**SOURCE MATERIAL**
============
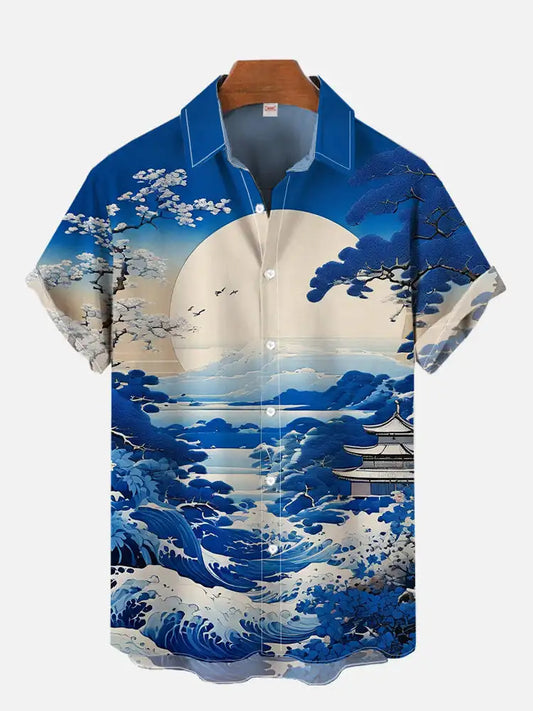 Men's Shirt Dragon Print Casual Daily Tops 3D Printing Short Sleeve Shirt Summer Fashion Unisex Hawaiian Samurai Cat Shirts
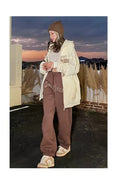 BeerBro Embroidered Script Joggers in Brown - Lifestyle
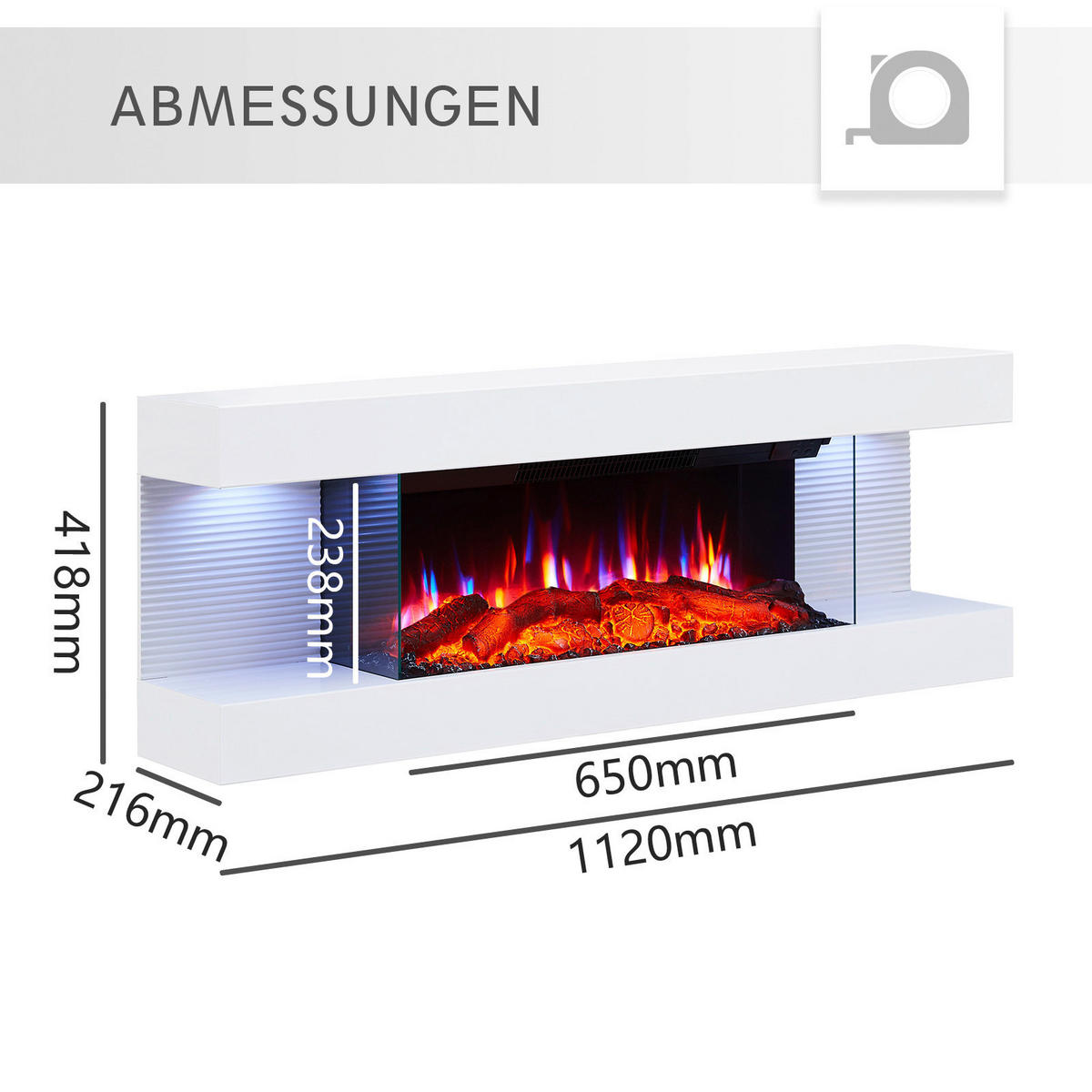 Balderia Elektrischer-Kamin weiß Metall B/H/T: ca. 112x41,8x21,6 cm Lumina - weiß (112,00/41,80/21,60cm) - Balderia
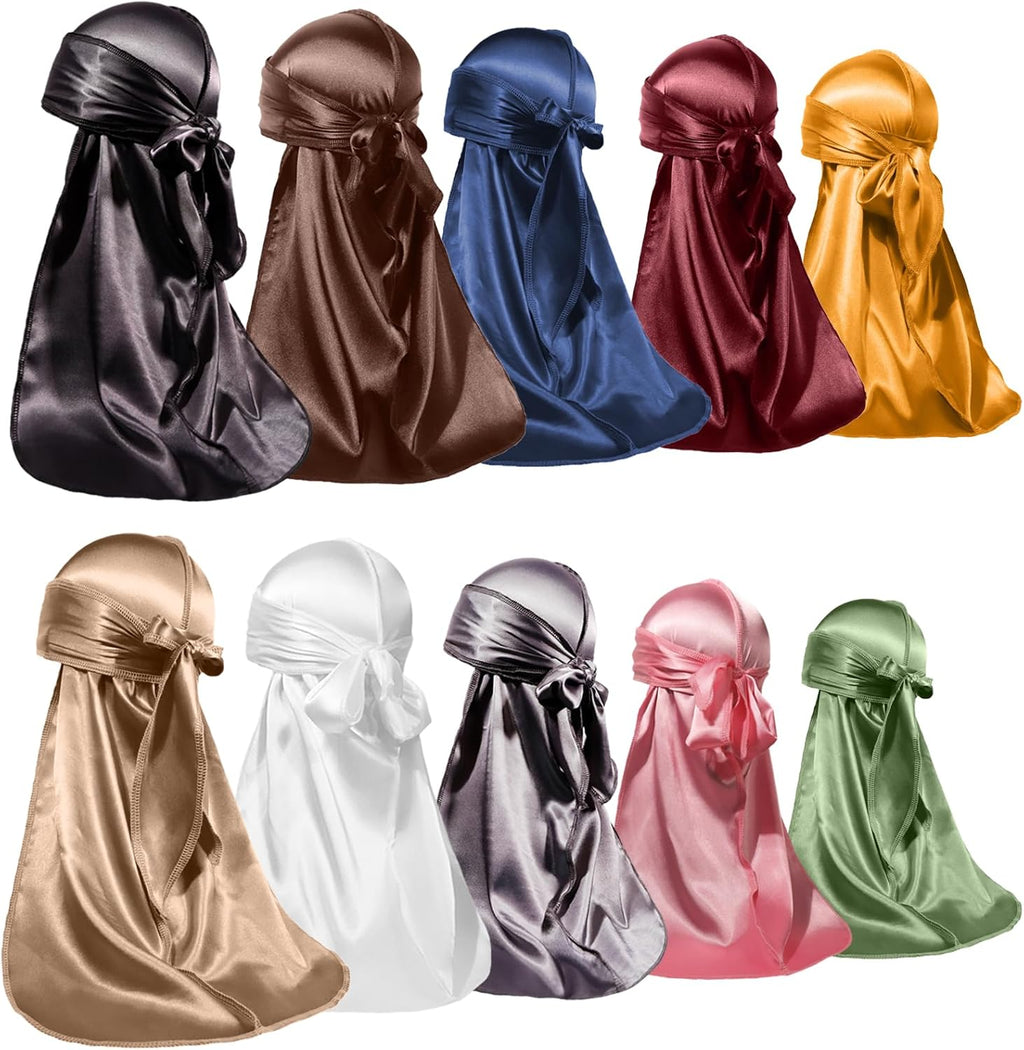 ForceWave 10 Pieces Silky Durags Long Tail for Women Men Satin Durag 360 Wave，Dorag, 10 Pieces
============
**TO DO**
Set down nothing but the lines from the one containing "BeerBro Embroidered Script" to the final line above, both included, with every picture left out.

**SOLUTION**
 BeerBro Embroidered Script Joggers in Brown - Lifestyle
 Balderia Elektrischer-Kamin weiß Metall B/H/T: ca. 112x41,8x21,6 cm Lumina - weiß (112,00/41,80/21,60cm) - Balderia
 ForceWave 10 Pieces Silky Durags Long Tail for Women Men Satin Durag 360 Wave，Dorag, 10 Pieces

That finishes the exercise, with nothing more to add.